Cable tested below £1.4050 immediately after the BoE rate decision, for fresh 10-week lows. The pounds demise was also aided by pressure from yet another dire Brexit poll crossing the wires. A Survation phone poll found +42% of respondents in favor of ‘stay’ and +45% for ‘leave’, with +13% undecided. This was a big reversal from the last Survation poll back on May 25th.

4. Global bourses bounce

Global indices are closing out the week with a bounce. European equity indices opened sharply higher after a positive Asian session and as WTI ($46.76 +1.19%) and Brent ($47.96 +1.63%) contracts look to break this week's losing streak as they trade on session highs ahead of the U.S. open.

Financial stocks are leading the gains across Europe, retracing losses seen in yesterday's trade. While commodity stocks are generally positive, but mixed in the FTSE 100 on the back of intraday rising oil prices.

Gold prices are also rallying, as a softer dollar encourages demand for the precious yellow metal.
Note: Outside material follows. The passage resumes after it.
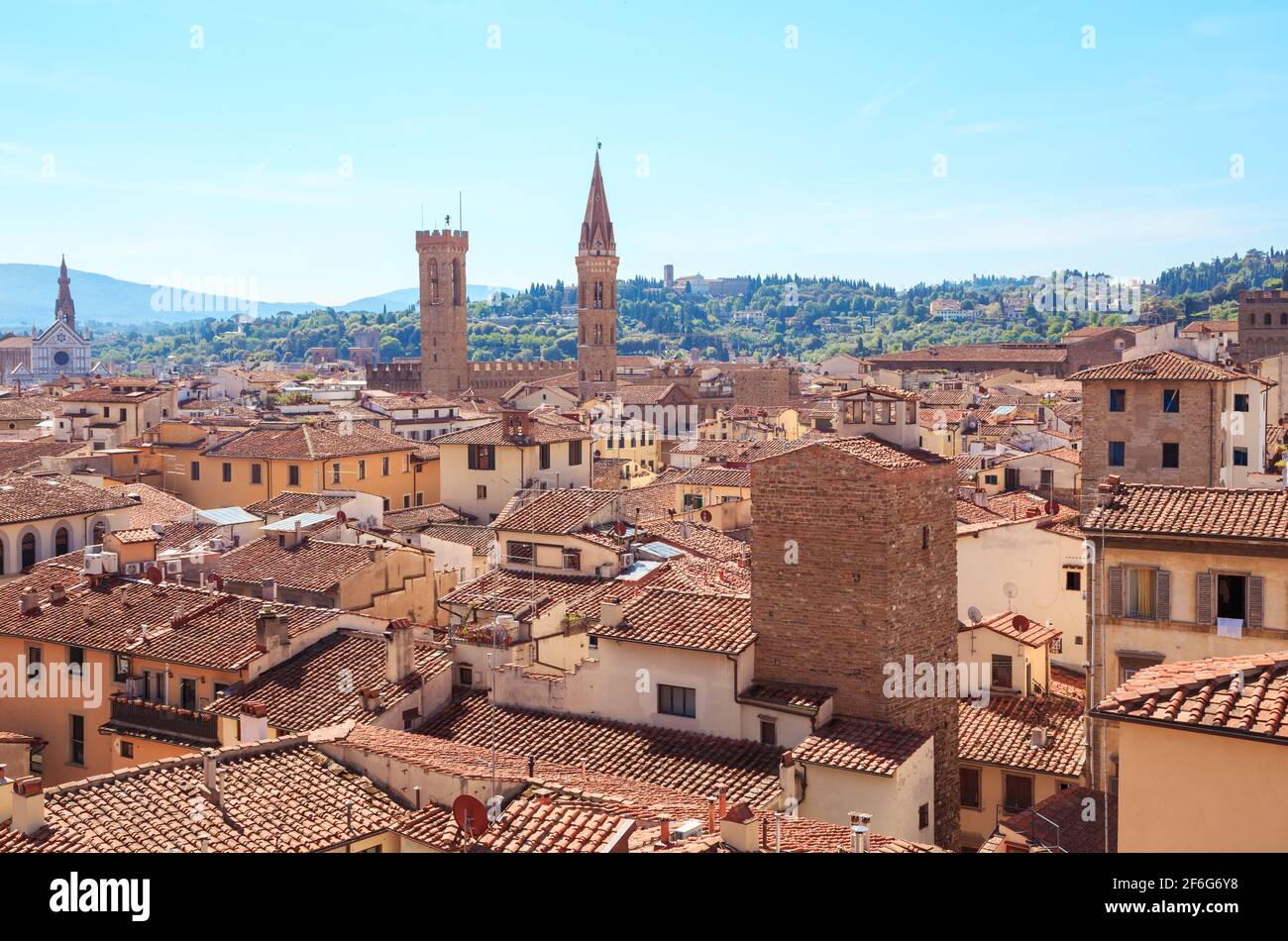 Italien, Toskana, Florenz. Türme des Nationalmuseums von Bargello und Badia Florentina. Auf der linken Seite die Basilika Santa Croce Stockfoto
Spot gold is up +0.6% at $1,284.89 an ounce ahead of the U.S. open, pulling back from near its two-year high print yesterday (+$1,315.61).

Indices: Stoxx50 +1.3% at 2,861, FTSE +1.1% at 6,015, DAX +1.2% at 9,663, CAC-40 +1.2% at 4,204, IBEX-35 +2.1% at 8,374, FTSE MIB +2.4% at 16,746, SMI +1.5% at 7,751, S&P 500 Futures -0.1%

5. China sells U.S. stocks

U.S. Treasury data yesterday revealed that the People’s Bank of China (PBoC), owner of the world’s biggest foreign-exchange reserves, has burnt through -20% its war chest (approximately $250b of U.S. debt) over the past two-years and used these proceeds to support the yuan and stem capital outflows.

While China’s sales of U.S. debt have slowed, its holdings of U.S. equities are now showing steep declines. China’s hoard of U.S. equities fell -$126b, or -38% over the past nine-months, to +$201b. That far outpaces selling by investors globally in that span – total foreign ownership fell just -9%.